Vandergriff argues that the consequence is an Army style training that produces soldiers and leaders too focused on training to the test and under-prepared for the problem solving necessary on the modern battlefield. Adopting Mission Command’s greatest contribution is as a practical expansion of the discussion of how the US Army can start training its leaders to build some critical-thinking competencies. Vandergriff provides his reader example lesson plans for tactical decision exercises (TDEs), practical examples of war games for the staff, and ten detailed examples of TDEs centered on combat-focused physical training that seem best executed at tactical units with little change to the already scheduled training.

Adopting Mission Command is an imperfect work, and readers hoping for a deeper understanding of mission command as an adaption concept or its applications to higher military thought should look elsewhere. Still, Vandergriff’s ideas on reforming tactical-level training will prove valuable to tactical-level leaders.

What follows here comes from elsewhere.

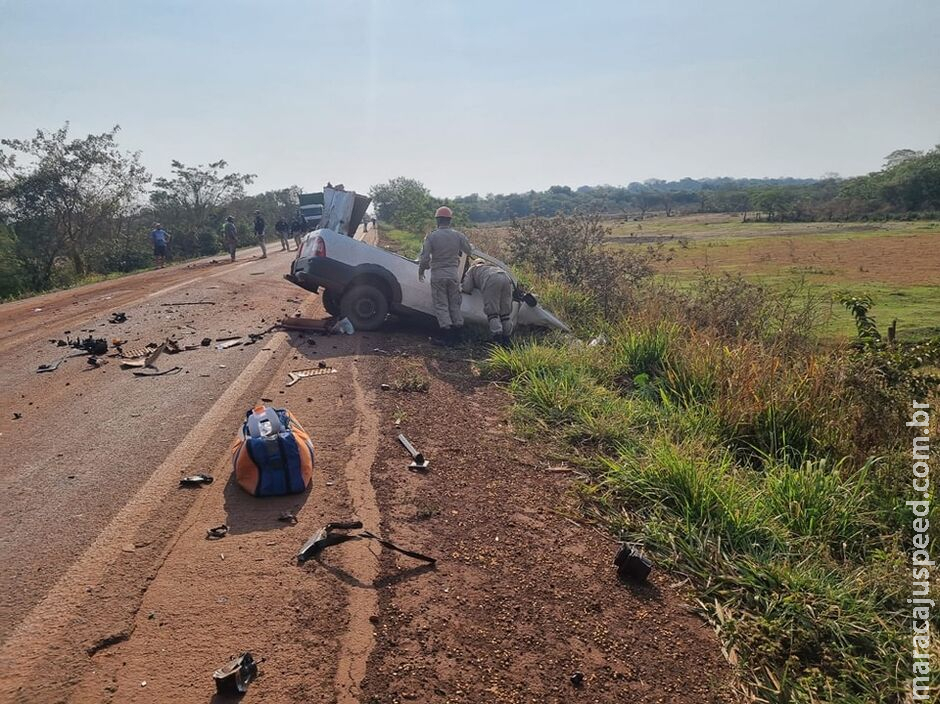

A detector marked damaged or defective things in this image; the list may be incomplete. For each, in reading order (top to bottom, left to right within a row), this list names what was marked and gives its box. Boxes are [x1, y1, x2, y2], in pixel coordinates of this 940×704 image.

If nothing else, the author has offered the reader of Adopting Mission Command a practical handbook on how to train better leaders at the margins of mission command—where strategy and operations give way to tactics, and soldier life or death.

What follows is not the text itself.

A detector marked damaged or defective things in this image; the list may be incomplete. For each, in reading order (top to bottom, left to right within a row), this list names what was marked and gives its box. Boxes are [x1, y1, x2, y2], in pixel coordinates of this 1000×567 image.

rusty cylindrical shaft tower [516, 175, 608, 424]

Travis Zahnow is a US Army officer, a graduate of West Point, and an MA candidate at the Johns Hopkins School of Advanced International Studies, where he is concentrating in strategic studies and international economics.

The views expressed are those of the author and do not reflect the official position of the Johns Hopkins School of Advanced International Studies, the United States Military Academy, Department of the Army, or Department of Defense.